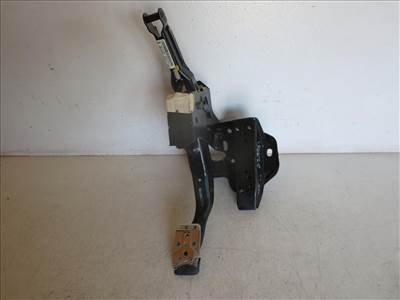 Seat Ibiza (6L) fékpedál 6Q1721115D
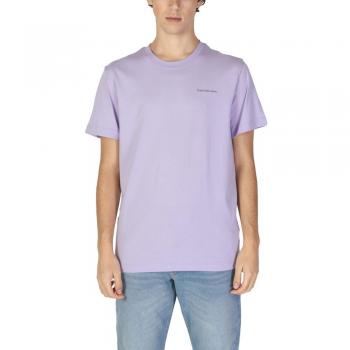 Calvin Klein Katoenen T-shirt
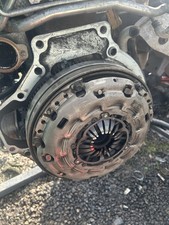 Mazda 6 2010 2.2d Dualmass Flywheel And Clutch r2a1-16610-b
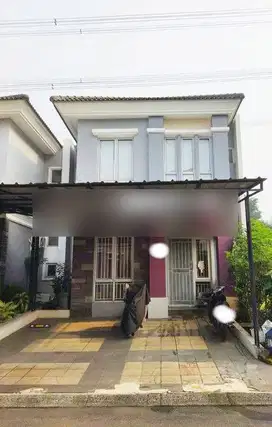 RUMAH GADING SERPONG BOHEMIA
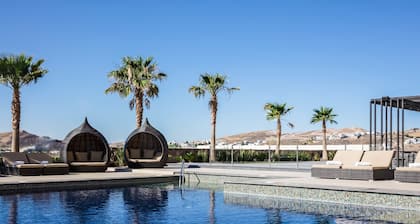 Sheraton Chihuahua Soberano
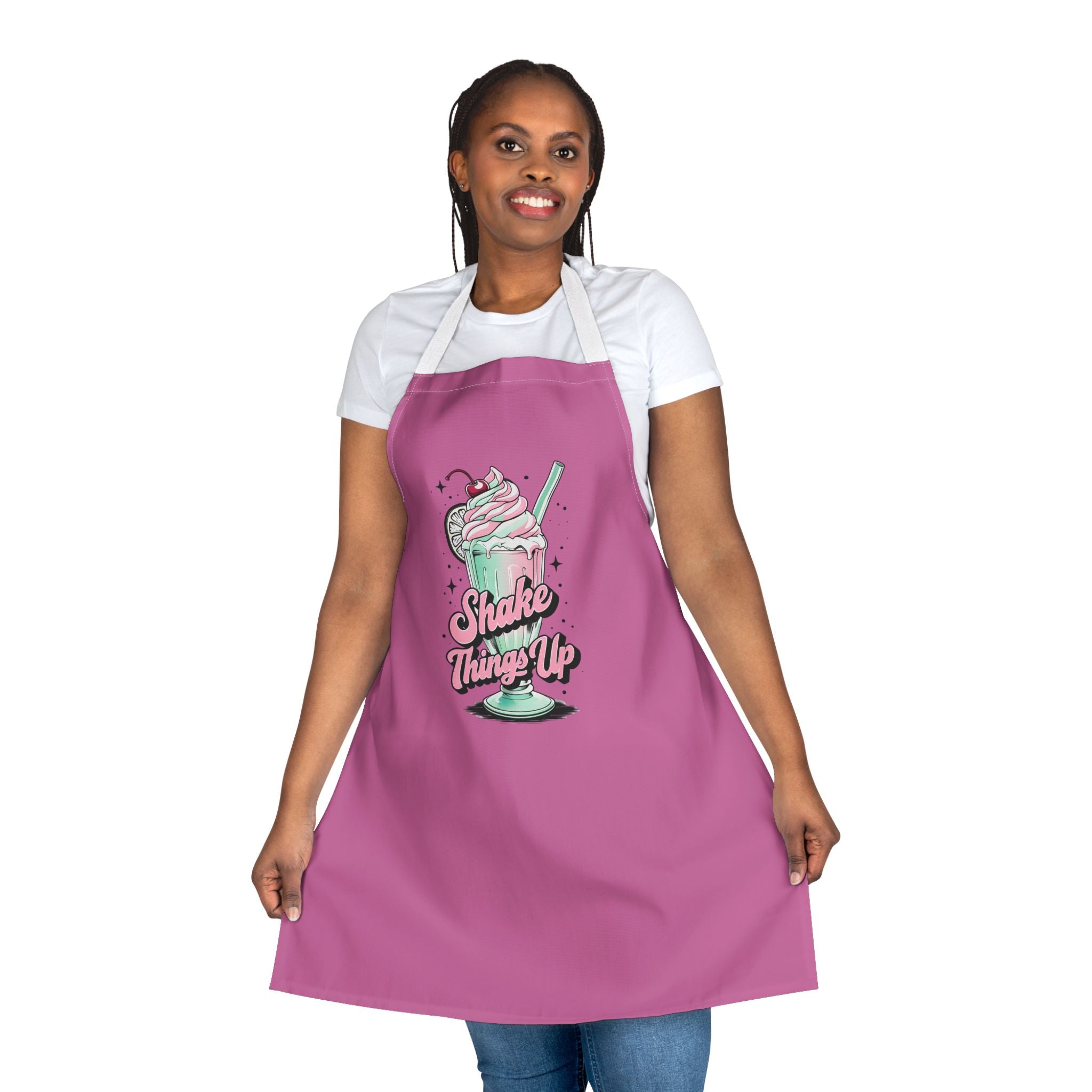 Apron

— The problem —
If a record contains a picture, leave the picture out and return everything else exactly.

— Result below —
 Seat Ibiza (6L) fékpedál 6Q1721115D
 Calvin Klein Katoenen T-shirt
 Mazda 6 2010 2.2d Dualmass Flywheel And Clutch r2a1-16610-b
 RUMAH GADING SERPONG BOHEMIA
 Sheraton Chihuahua Soberano
 Apron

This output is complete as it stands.